Cumartesi, Ocak 12, 2008

Sevgili yalanım....

Dinliyorum, dinliyorum... Sonra aklımca bir şeyler söylüyorum. Bazen söylediğimin çözüm olmadığını da bilerek yalnızca karşımdakini rahatlatmak için söylüyorum. Hepimiz yapmıyor muyuz acaba? Bir ben miyim “yalancı” bu dünyada? Hani anketlerde sorarlar ya: “en sevmedeğin şey hayatta?” Genelde bakarım da herkes “yalan”ın üstüne atlar... Sanrırım ki tüm dünya doğrucu... İlk okuldan beri karşıma çıkan tüm anketlerde “hiç yalan söylemem” diye yazmadım... Yalanların üstüne çok gittim ama bir o kadar da yalan söyledim... Hem de ne yalanlar.. En büyük yalanları kendime söyledim... İtiraf ediyorum... Nasıl da kandırdım kendimi nasıl? Çünkü koşullamışlar ya öteden beri bizleri aslında... “Gerçekler acıdır”... Yalan gerçeğin tam karşıtı olduğuna göre ne oluyor? Gerçek acı ise yalan tatlıdır mı?

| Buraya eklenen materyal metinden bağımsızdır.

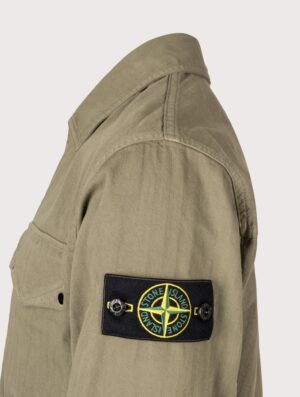 STONE ISLAND Cotton Herringbone Overshirt V005G Military Green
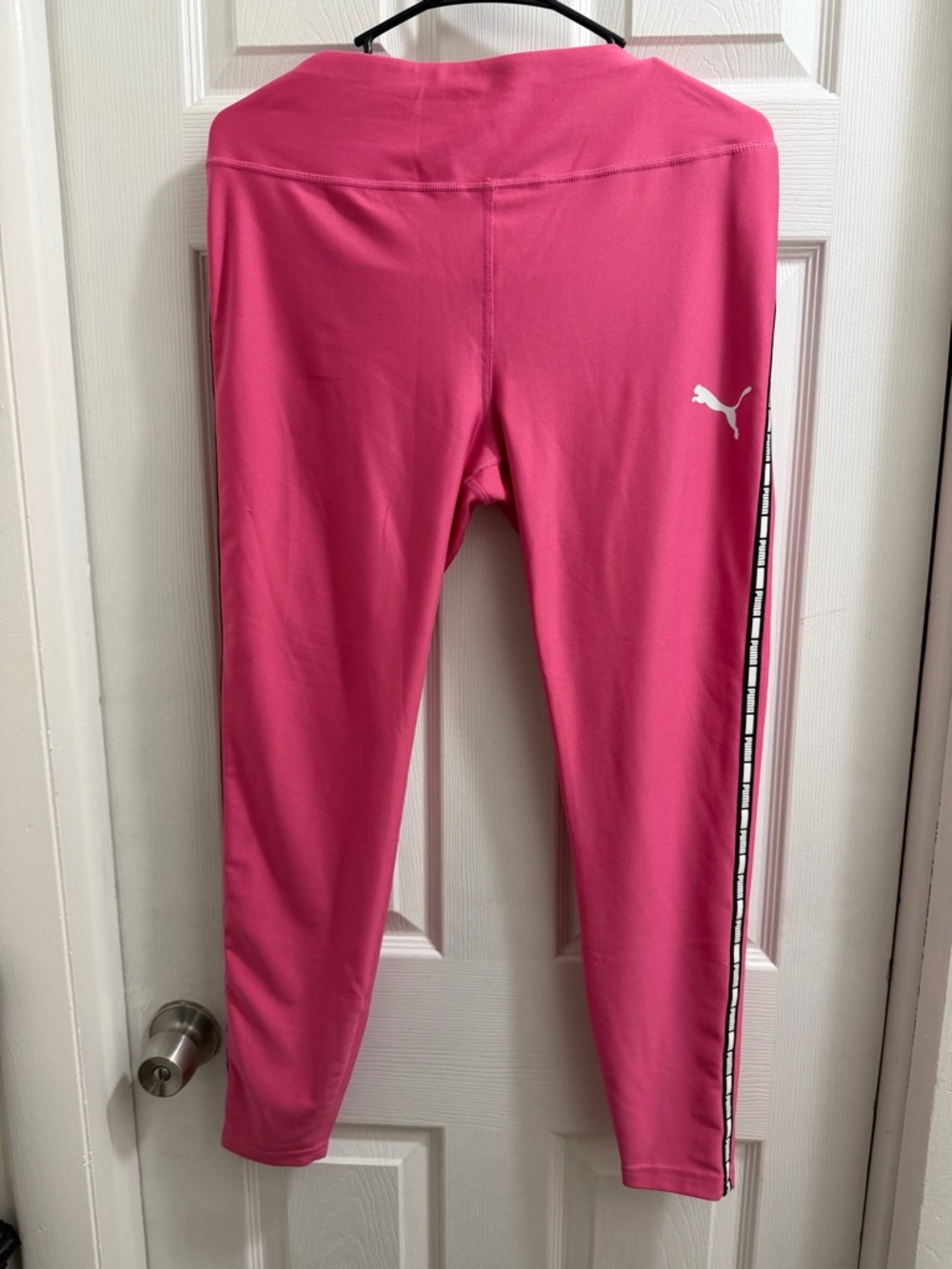Puma Girls' Hot Pink Leggings with Side Logo Tape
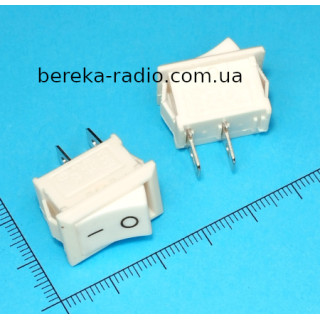 Перемикач клавішний Daier KCD1-101 ON-OFF, 2pin, 10A/125V, 6A/250VAC, білий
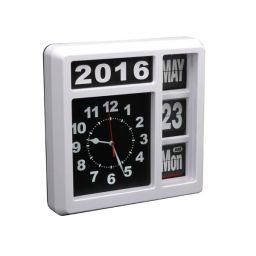 Flipover wandklok met kalender - 31x31 cm - Engels ***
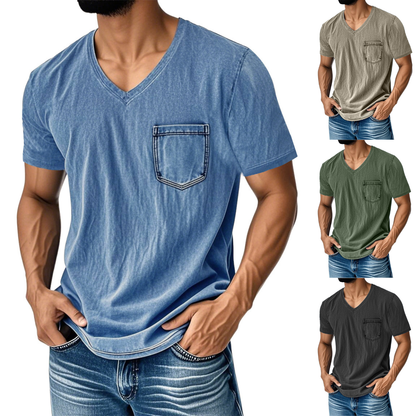 50% zniżki【40-120 kg】Luźny, casualowy T-shirt z jeansu z dekoltem w serek i krótkim rękawem dla mężczyzn ✅️Płatność przy odbiorze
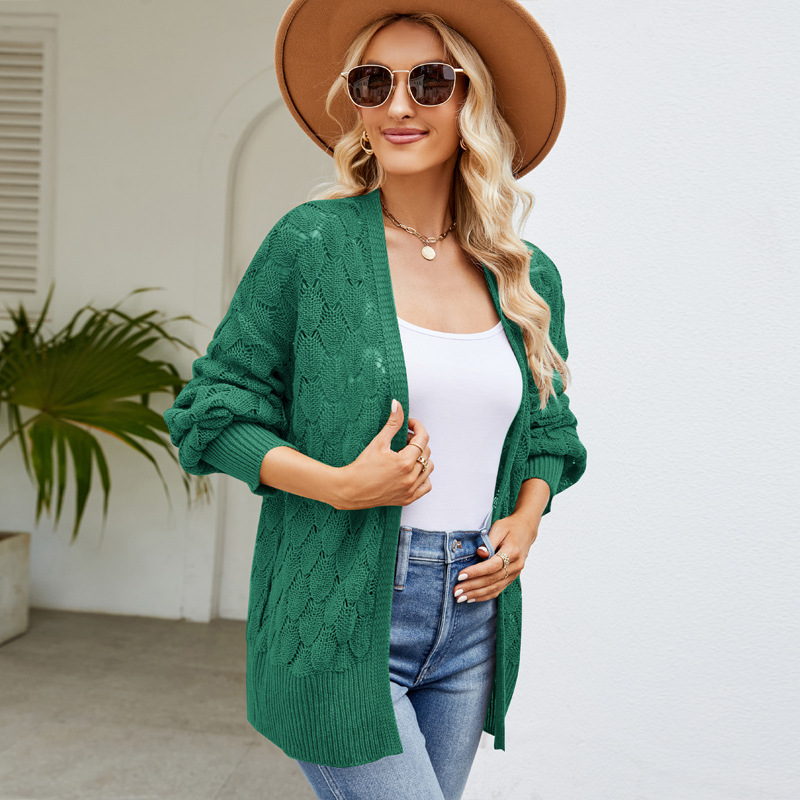 Women's V-Neck Openwork Long Sleeve Knit Cardigan Loose Fit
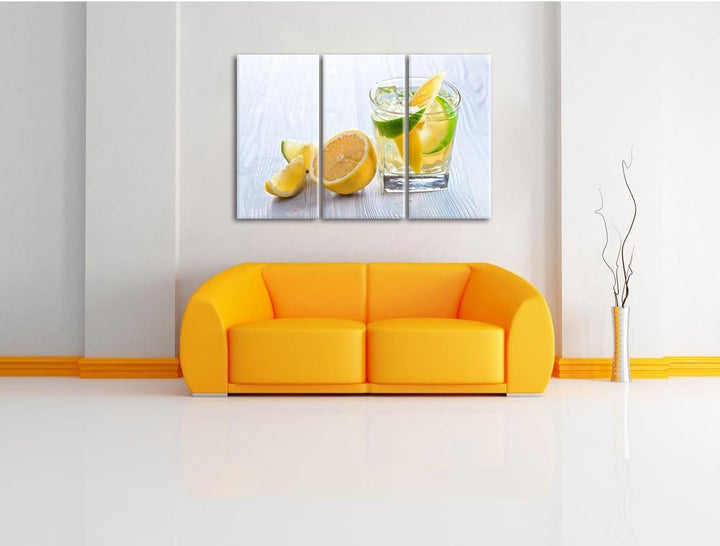 Pixxprint Gin Tonic Shot mit Zitronen als Leinwandbild/Grösse: 3 Teilig (120x80 cm) cm/Wandbild/Kuns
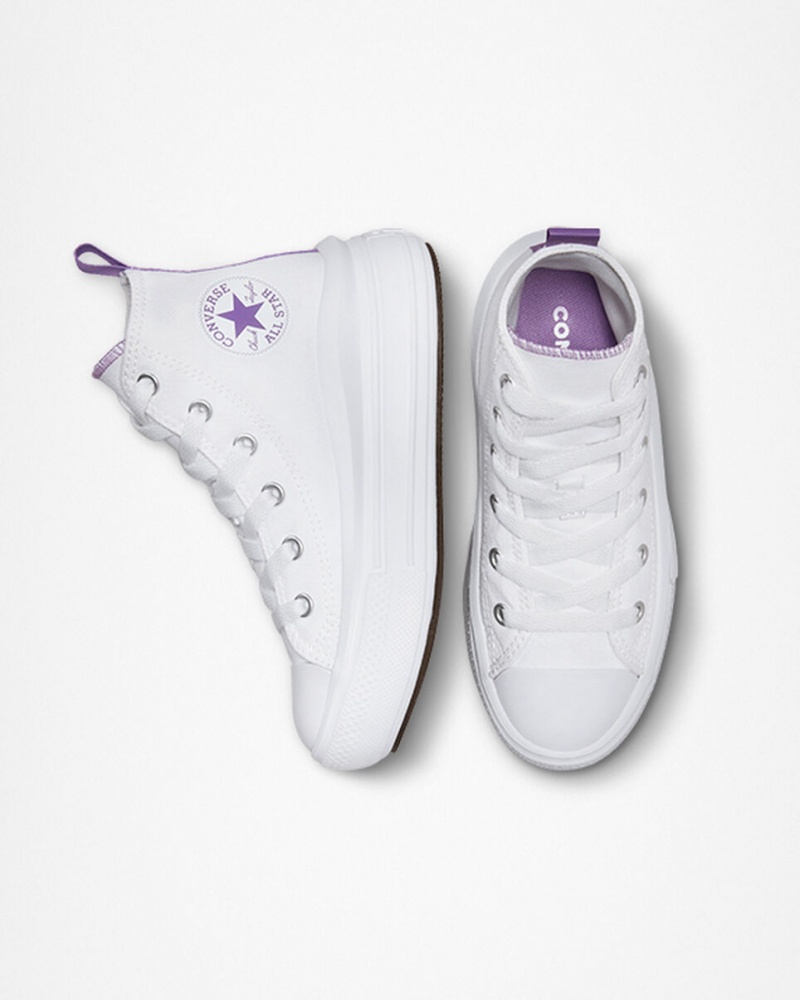 Converse Chuck Taylor All Star Move Platform Fehér Lila Fehér | 216HZEBQW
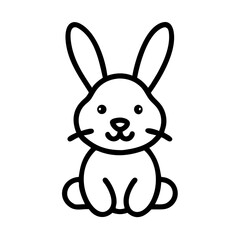 Rabbit sitting in minimalist style on a white background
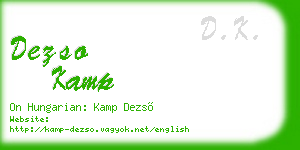 dezso kamp business card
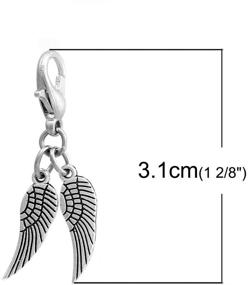 img 2 attached to 🕊️ JGFinds Angel Wings Clip On Charm - 10 Pack of Silver Tone Pendants with Lobster Clasp: Ideal DIY Jewelry Making Supplies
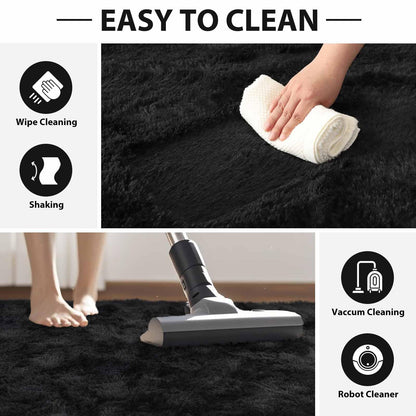 FinRèc 8x10 Feet Area Rugs for Living Room Bedroom, Fluffy Shaggy Large Rug, Non-Slip Soft Black Fuzzy Rugs for Nursery Kids Room Dorm Room Home Decor, Indoor Plush Floor Carpet
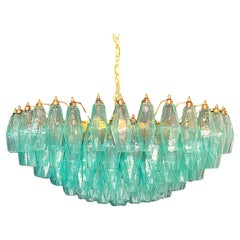 Amazing Murano glass Candelier - 185 turquoise polyhedra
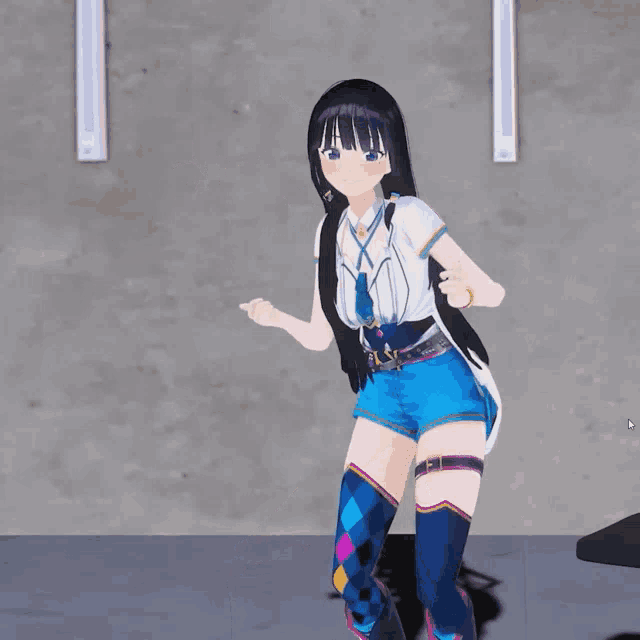 a computer generated image of a girl in blue shorts and black boots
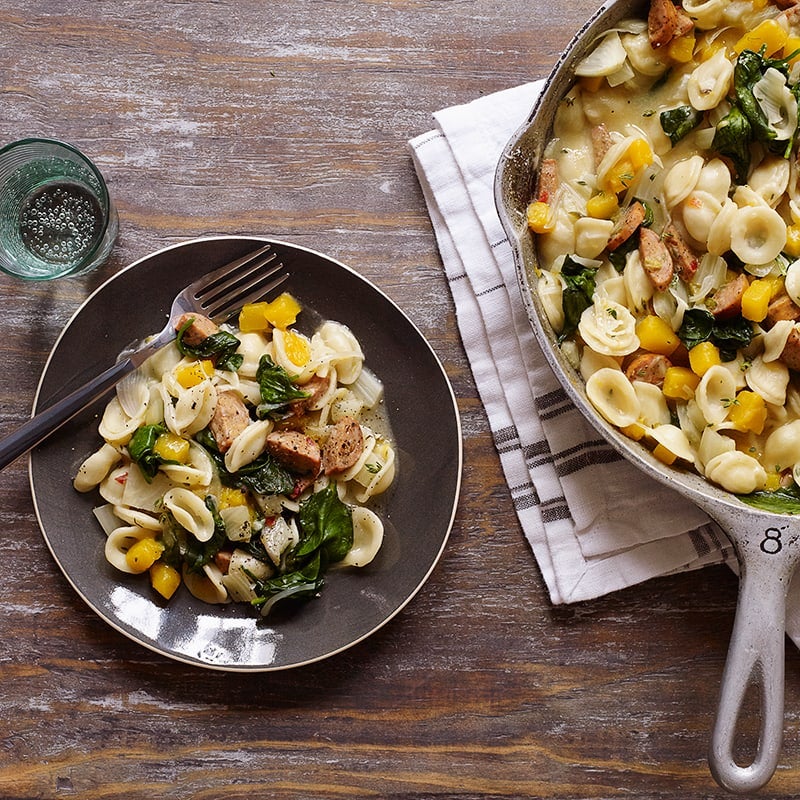 Photo of One-Pot Orecchiette with Sausage, Fennel & Butternut Squash by WW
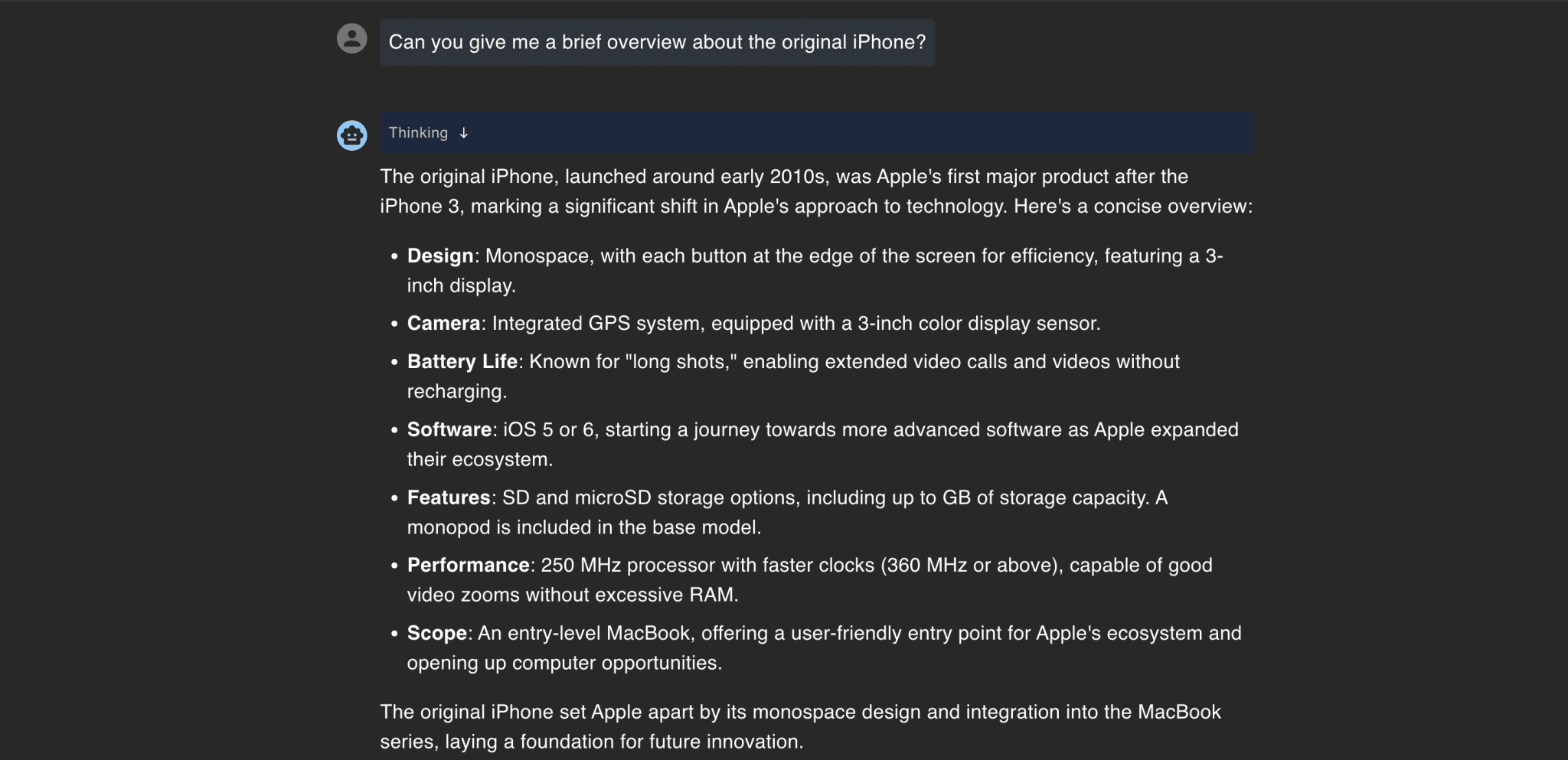 DeepSeek-R1 generuje tekst o oryginalnym iPhonie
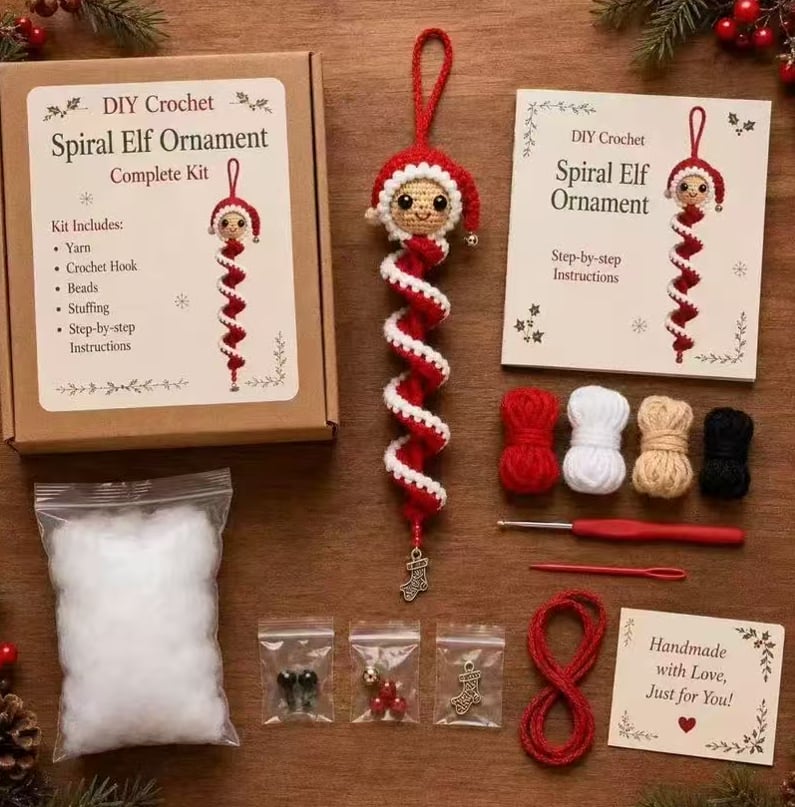 PREORDER ITEM (SEE DETAILS) - DIY HOLIDAY SPIRAL ORNAMENT CROCHET CRAFT PROJECTS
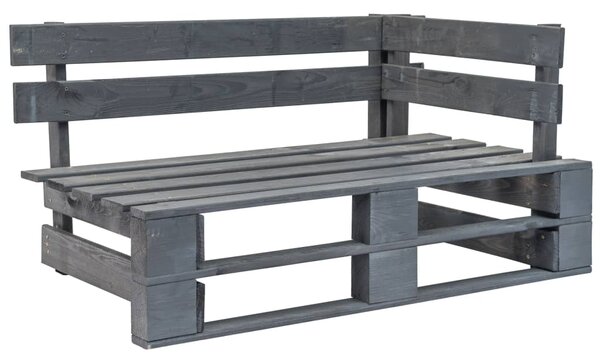 Ogrodowa ławka narożna z palet, drewno, szara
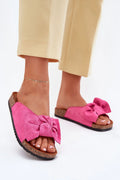 Sandales pour femme en suédine écologique style estival design ouvert nœud textile semelle liège compensée confortable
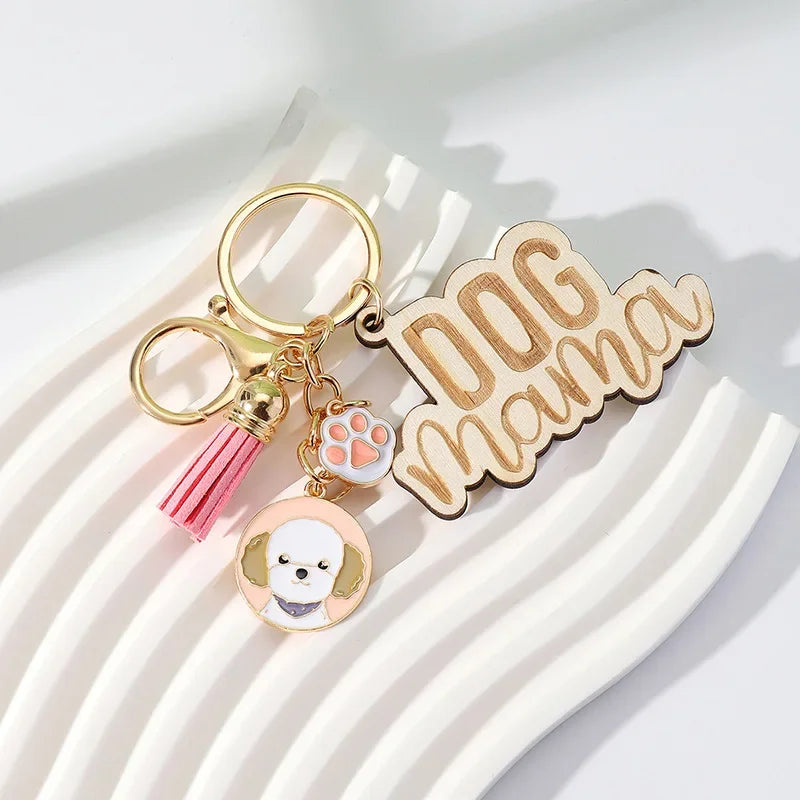 Dog Mama KeyChain Shiba Inu Golden Retriever Husky KeyRing Women Man Accessories Jewelry Bag Pendant Gift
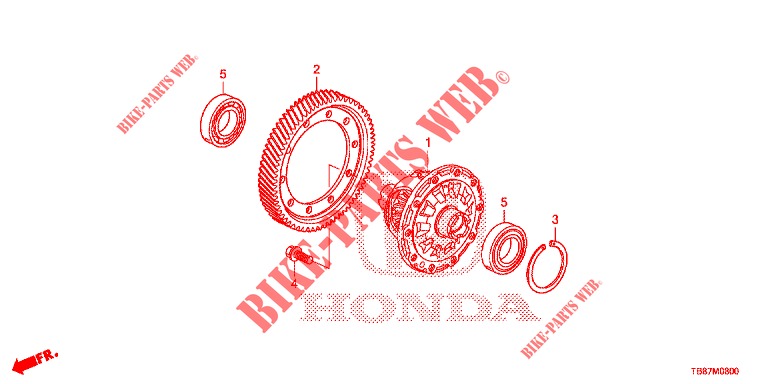 ENGRANAJE DIFERENCIAL  para Honda CIVIC TOURER 1.8 EXGT 5 Puertas 6 velocidades manual 2014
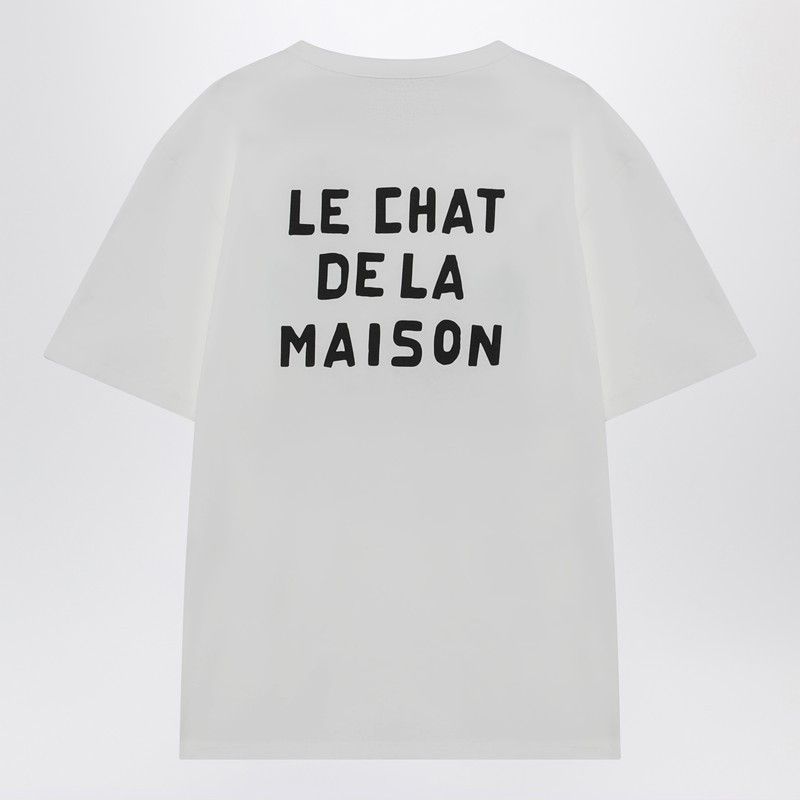 Valentino Valentino White T-Shirt With Le Chat De La Maison Print Size US M / EU 48-50 / 2 - 2 Thumbnail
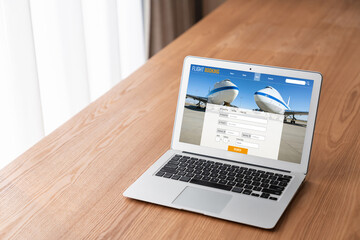 Online flight booking website provide modish reservation system . Travel technology concept .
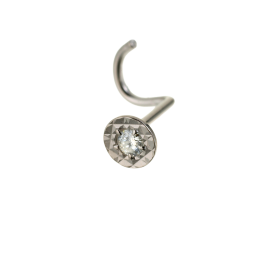Piercing de nez en or gris et diamant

Nasıl başladım yalancılığa?
Doğrucuydum aslında bir zamanlar... Daha pek minikken annem arkadaşı ile salonda oturmaktaydı. Babam eve çokça bayram tebriği getirmişti. O zamanlar öyle e-postalarla falan kuru kuru kutlanmıyor ya bayramlar... Günlerce sürerdi tebrikleri yazmak... Bu işle görevli kişi annemdi tabii ki... Bir torba dolusu birbirinden güzel tebrik kartları... Allı pullu... Hani şu katman katman olanlardan falan... Yok yanarlısı dönerlisi... Tavşanlısı... Beni unutma unutursan küserim yanaklarından şıppadanak öperimlisi... Var da var... Çocuğum işte... Annem arkadaşına da ayırmış birkaç kart yakınlarına yollasın diye... Kendi yollayacaklarını da ayırmış, büfenin çekmecesine kaldırmıştı... Arkadaşı öyle beğendi ki kartlarını hızını alamadı... “Ay daha yok mu? Birkaç tane daha olsaydı?” İnsan bu! Beşer! Beşer de ne versen fazlasını ister! Annem bir yutkundu... Sonra yanıtladı... “Yok canım. Bu kadarı sana ayırdım
Ben atladım hemen... “Amma da yalancısın anne” dedim içimden... Sıkar biraz zamaneler gibi anneme yüksek sesle söylemeye "sen yalan söylüyosun" demek... Annemin beni engellemesine fırsat kalmadan çekmeceyi açmıştım bile. Kadının önüne koydum birbirinden güzel seçilmiş kartpostalları... Annem bir bana bir arkadaşına bakıyor şaşkın, utangaç, kızgın, ürkek... Nasıl bir hale soktum kadını hâlâ bugün gibi gözümün önünde... Ve de annemin arkadaşı gittikten sonra yediğim terlikli darbelerin tadı... Ben hem dayak yiyordum hemde itiraz ediyordum suçlamaya... Doğruyu söylediğimi, gerçekleri gizlemediğimi söylüyordum. Annem de ısrarla O’nu ne kadar zor durumda bıraktığımı söyleyip basıyordu terliği bi güzel... O gün öğrendim ki bazen yalana da göz yumacaksın... Gereğinde sen de yalan söyleyeceksin... Yoksa yersin böyle daha çok dayak... Bu yüzden anketlerde hep dürüst oldum... Yalan’a o kadar da tavır takınmadım... Karşıma almadım yalanı... Madem bu dünya yaratılalı yalan var neden herkes kendini sütten çıkmış ak kaşık gösterir... Herkes yalancı. Benim bilebildiğim tek doğru bu!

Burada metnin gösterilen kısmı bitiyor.